Saturday, 27 October 2012

Deaf (alias Hollow)

This began life in October 2010 as a prospective submission to the Magpie. Its theme would be difficult to detect and so the approach would be to make the clues hide their hidden message as well as possible. Corrections to misprints would spell out the message but these would be confined to each clue's wordplay rather than its definition. Clues were presented in their normal order but did not refer to the enumeration of letters. The grid was presented as an asymmetric Carte Blanche with no bars and no numbers, bars being required in solutions.

Finally, on 20th December, the puzzle was submitted to the Magpie for approval. Given that the checker would have to find time over the Christmas holiday to assess the submission the response was very swift indeed; rejection out of hand on a number of points not considered by Eclogue.

And so it was set aside for  quite a while until it could be resuscitated for resubmission. In the end it was a complete re-write while retaining the core theme - the book Fahrenheit 451 by Ray Bradbury. Originally the intermediate grid featured the word BIBLIOTHECA occupying most of the main NW-SE diagonal and changing the letters of this allowed the word CONFLAGRATION to be seen along the whole of that diagonal. The central G of this allowed the novel's main protagonist MONTAG to be seen on a minor SW-NE diagonal.

The re-write required a new grid and thus a new set of clues. It would no longer be a carte blanche and would be symmetrical this time (the asymmetry of the original being a major sticking point). This time the name of the author himself would appear in the intermediate grid, along the central column. Again all these letters would be replaced to allow the word CONFLAGRATION to appear in its place and again MONTAG would link up with the central G.

The new improved HOLLOW was duly sent in April 2012 off for consideration by the Magpie and this time there was no rapid rejection, much to Eclogue's relief.
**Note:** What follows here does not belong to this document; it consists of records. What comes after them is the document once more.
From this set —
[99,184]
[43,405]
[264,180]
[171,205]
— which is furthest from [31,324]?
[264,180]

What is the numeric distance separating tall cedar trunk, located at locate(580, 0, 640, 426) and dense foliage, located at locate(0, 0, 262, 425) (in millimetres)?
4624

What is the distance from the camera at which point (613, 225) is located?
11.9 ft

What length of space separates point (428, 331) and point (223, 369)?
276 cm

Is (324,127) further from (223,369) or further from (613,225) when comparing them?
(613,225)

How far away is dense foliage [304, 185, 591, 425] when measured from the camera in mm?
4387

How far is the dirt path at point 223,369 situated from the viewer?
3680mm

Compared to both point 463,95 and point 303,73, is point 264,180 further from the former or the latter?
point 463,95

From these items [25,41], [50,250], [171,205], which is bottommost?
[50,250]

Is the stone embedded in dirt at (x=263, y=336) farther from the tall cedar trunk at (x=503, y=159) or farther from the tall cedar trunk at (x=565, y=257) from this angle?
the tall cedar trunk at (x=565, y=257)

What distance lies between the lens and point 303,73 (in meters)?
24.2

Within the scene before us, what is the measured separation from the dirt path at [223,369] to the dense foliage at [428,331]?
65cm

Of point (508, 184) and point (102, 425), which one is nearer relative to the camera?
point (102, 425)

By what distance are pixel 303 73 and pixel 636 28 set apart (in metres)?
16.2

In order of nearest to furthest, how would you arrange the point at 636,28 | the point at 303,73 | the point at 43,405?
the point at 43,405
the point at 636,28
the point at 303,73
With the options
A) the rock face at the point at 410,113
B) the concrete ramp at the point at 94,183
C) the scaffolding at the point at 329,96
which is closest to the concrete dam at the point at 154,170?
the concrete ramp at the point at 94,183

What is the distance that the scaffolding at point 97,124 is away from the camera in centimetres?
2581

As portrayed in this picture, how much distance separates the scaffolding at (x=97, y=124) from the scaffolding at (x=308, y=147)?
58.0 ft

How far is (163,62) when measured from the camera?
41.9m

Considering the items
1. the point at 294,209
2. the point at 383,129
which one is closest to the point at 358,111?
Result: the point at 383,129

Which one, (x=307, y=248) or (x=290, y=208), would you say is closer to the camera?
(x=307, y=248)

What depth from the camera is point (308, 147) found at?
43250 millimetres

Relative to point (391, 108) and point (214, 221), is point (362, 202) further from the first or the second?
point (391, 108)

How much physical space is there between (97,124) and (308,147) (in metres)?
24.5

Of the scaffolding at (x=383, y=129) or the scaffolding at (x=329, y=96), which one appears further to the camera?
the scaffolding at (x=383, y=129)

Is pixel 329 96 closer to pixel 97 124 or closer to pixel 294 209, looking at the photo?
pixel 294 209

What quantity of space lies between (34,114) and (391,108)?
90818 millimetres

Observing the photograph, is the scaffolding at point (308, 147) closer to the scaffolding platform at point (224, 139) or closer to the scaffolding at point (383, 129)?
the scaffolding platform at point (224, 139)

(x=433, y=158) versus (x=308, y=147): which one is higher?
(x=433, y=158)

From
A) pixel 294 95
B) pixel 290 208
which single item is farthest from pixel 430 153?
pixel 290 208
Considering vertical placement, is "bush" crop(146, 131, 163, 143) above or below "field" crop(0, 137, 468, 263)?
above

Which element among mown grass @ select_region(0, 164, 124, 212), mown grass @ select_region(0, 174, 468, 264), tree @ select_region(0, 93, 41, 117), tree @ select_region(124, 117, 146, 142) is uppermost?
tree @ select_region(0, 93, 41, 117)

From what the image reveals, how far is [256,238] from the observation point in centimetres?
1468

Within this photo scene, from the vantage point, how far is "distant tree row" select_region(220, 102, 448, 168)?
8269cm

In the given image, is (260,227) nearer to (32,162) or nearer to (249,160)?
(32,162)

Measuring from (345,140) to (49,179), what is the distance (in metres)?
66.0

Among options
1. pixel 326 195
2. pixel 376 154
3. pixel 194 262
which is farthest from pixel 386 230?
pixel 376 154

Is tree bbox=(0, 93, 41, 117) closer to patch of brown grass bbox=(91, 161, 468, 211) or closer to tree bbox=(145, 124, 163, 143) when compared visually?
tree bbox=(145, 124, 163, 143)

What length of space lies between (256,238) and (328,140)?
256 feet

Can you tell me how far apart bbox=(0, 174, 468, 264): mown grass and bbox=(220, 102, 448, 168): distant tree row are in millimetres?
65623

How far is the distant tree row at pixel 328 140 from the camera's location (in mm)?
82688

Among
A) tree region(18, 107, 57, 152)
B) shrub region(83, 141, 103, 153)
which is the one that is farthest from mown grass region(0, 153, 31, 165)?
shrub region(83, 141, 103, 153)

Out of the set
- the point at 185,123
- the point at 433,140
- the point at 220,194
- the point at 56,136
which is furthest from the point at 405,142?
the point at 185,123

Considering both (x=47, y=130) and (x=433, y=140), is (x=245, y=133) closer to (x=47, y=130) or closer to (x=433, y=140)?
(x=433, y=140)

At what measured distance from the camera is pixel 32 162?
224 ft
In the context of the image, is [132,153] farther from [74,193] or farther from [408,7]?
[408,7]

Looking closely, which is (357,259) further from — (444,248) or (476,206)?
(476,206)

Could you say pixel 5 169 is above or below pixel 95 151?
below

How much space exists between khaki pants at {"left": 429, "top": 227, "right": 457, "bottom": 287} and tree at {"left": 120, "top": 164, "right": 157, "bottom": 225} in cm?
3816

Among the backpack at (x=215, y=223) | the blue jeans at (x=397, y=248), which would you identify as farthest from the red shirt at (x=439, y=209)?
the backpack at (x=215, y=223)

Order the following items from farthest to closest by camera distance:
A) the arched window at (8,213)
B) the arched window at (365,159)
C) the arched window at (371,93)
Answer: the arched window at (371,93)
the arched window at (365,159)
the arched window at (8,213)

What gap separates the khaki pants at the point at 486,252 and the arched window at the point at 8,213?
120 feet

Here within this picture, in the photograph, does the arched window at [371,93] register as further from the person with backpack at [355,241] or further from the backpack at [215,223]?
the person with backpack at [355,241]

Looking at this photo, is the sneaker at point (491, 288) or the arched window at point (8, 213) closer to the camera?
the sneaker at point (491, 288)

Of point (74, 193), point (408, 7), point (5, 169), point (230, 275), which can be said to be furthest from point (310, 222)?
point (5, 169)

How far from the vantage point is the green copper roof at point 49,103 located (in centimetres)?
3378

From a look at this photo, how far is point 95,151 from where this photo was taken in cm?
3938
Indeed, it was accepted for publication after some customary adjustments and re-writes and was scheduled to appear in the September 2012 edition of the Magpie. The original significance of the title HOLLOW was that HOLLOW is a synonym for DEAF which in turn may represent 451F in alphanumeric transliteration. This HOLLOW to DEAF link was deemed a step too far and so the word HOLLOW was dropped and the word DEAF was then used as the title.
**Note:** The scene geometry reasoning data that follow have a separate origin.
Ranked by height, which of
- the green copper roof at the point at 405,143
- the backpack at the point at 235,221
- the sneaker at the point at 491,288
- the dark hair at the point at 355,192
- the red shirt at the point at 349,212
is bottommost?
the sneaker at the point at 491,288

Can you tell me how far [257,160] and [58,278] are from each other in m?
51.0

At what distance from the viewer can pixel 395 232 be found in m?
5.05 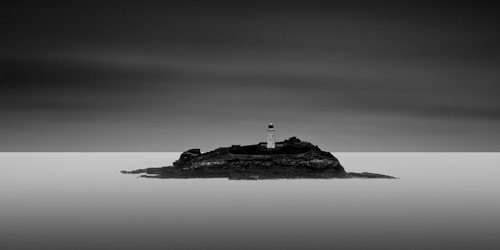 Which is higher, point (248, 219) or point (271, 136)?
point (271, 136)

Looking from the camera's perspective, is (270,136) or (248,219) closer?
(248,219)

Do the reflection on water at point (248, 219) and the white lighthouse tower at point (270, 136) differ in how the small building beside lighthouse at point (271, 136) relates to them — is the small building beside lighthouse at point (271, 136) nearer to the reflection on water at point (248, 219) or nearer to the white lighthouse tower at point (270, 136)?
the white lighthouse tower at point (270, 136)

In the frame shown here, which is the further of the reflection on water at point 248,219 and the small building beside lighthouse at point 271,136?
→ the small building beside lighthouse at point 271,136

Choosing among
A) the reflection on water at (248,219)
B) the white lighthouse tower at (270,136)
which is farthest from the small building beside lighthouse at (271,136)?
the reflection on water at (248,219)

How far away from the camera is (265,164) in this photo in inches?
2448

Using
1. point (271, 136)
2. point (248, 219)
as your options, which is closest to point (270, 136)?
point (271, 136)

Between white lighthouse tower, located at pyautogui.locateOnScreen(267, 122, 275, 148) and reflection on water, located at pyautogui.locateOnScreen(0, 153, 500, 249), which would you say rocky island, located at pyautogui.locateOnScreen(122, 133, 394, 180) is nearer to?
white lighthouse tower, located at pyautogui.locateOnScreen(267, 122, 275, 148)

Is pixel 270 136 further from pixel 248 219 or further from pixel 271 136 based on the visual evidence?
pixel 248 219

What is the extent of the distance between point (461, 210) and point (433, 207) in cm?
164

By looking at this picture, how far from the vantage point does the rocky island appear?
201ft

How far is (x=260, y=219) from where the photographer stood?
28.2 m

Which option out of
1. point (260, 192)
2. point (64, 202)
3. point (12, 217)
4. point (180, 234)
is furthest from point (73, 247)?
point (260, 192)

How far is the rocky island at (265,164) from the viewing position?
6141cm

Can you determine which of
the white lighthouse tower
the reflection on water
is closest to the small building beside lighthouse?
the white lighthouse tower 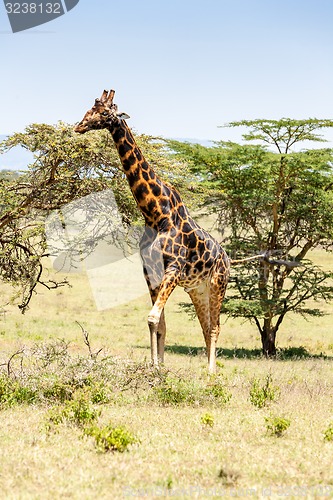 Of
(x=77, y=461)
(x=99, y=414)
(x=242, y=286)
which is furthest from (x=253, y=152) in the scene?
(x=77, y=461)

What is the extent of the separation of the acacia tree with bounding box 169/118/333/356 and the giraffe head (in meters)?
10.3

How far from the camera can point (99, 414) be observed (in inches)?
304

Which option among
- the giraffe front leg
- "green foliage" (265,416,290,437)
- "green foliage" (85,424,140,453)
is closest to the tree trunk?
the giraffe front leg

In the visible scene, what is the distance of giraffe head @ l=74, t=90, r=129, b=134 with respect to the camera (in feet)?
32.0

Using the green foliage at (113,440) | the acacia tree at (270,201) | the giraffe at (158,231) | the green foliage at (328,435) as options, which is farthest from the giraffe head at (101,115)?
the acacia tree at (270,201)

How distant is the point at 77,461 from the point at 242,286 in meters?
15.8

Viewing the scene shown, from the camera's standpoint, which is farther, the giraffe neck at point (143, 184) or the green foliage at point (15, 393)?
the giraffe neck at point (143, 184)

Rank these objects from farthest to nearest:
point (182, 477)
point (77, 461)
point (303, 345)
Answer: point (303, 345) → point (77, 461) → point (182, 477)

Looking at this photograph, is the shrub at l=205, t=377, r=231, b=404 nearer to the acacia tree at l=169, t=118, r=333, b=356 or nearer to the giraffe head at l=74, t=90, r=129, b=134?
the giraffe head at l=74, t=90, r=129, b=134

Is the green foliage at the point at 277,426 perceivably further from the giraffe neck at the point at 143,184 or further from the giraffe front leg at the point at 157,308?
the giraffe neck at the point at 143,184

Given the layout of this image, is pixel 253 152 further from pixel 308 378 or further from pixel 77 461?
pixel 77 461

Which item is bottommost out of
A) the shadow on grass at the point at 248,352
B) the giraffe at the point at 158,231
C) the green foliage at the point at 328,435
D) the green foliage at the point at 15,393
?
the shadow on grass at the point at 248,352

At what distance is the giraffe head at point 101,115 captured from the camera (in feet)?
32.0

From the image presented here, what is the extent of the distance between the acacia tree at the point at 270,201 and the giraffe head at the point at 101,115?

Some feedback has been received, with thanks from Eclogue:



Obviously the preamble is deliberately written so as to not require 14d to be changed to a real word, but I didn't really notice this until after I had worked out what it should be changed to.

I worked out what the title meant after I had finished solving.

The clue to 19a requires the F of FELLOWS to be changed to a Y, and then the endgame requires the Y to be changed back to an F. I think that this is a slight weakness in the puzzle, but complaining about it is probably unreasonable. At least it is the only across entry crossing 14d that is clued in this way.
Grid fill not too hard; heard of the book and author but haven't read it, and not being e-connected, had to find someone who was familiar with the details. Didn't need him to work out 14 down changes, but he knew the name (after I mentioned a few possibilities from gridsearch).

==

Luckily most of the early clues I solved intersected 14, so I got Ray Bradbury quite quickly. I dug out my copy of F451 - it was even older than I expected, a 1960 Corgi paperback priced at 2s6d (Do you understand this 'old coinage'?)
Very neatly worked, getting round the problem of differing lengths in Ray Bradbury and conflagration.
Enjoyable if none too difficult. The theme came fairly quickly although the full message took a little longer to appear, and working out the changes was a slow process until realisation dawned.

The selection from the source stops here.